What do people do when they count? What do numbers really mean? We all know that people can lie with statistics, but in this groundbreaking work, eminent political scientist Deborah Stone uncovers a much deeper problem. With help from Dr. Seuss and Cookie Monster, she explains why numbers can’t be objective: in order to count, one must first decide what counts. Every number is the ending to a story built on cultural assumptions, social conventions, and personal judgments.

And yet, in this age of big data and metric mania, numbers shape almost every facet of our lives: whether we get hired, fired, or promoted; whether we get into college or out of prison; how our opinions are gathered and portrayed to politicians; or how government designs health and safety regulations. In warm and playful prose, Counting explores what happens when we measure nebulous notions like merit, race, poverty, pain, or productivity.


When so much rides on numbers, they can become instruments of social welfare, justice, and democracy—or not.

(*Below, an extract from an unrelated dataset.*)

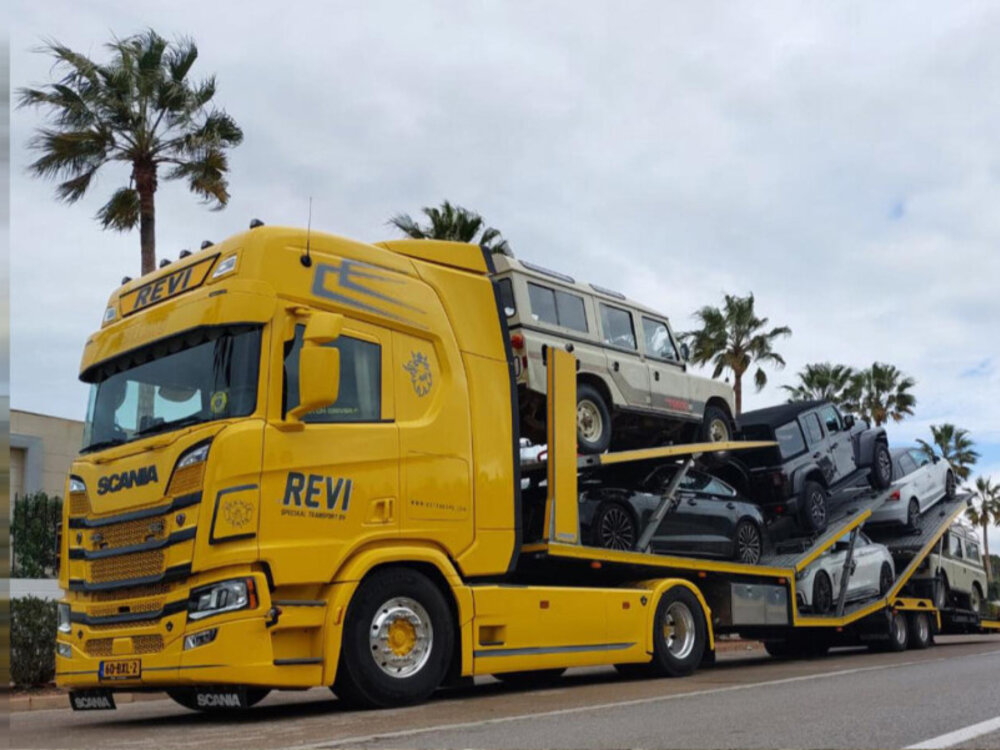 WSI WSI Scania R Highline 4x2 + 3-axle trucktransporter REVI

The citizens of Flint, Michigan, for instance, used numbers to prove how their household water got contaminated and to force their government to take remedial action. In stark contrast, the Founding Fathers finessed an intractable conflict by counting each slave as three-fifths of a person in the national census. They set a terrible precedent for today’s politicians who claim to solve moral and political dilemmas with arithmetic.


Suffused with moral reflection and ending with a powerful epilogue on COVID-19’s dizzying statistics, Counting will forever change our relationship with numbers.



About the Author


Deborah Stone is a renowned scholar who has taught at Brandeis, MIT, and other universities around the world. Her award-winning book Policy Paradox has captivated readers through three decades, four editions, and six translations—but who’s counting? She lives in Brookline, Massachusetts.

Praise For…


A delightful takedown of our unreasonable worship of numbers. . . . In 1954, Darrell Huff’s bestselling How to Lie With Statistics began a genre that continues to produce numerous books each year. Stone . . . casts an equally critical eye but delves far more deeply into the subject. . . . As Stone lays out her examples of irrational faith in numbers, readers will squirm, but not with disbelief. . . . Enthralling evidence that there is less to numbers than meets the eye.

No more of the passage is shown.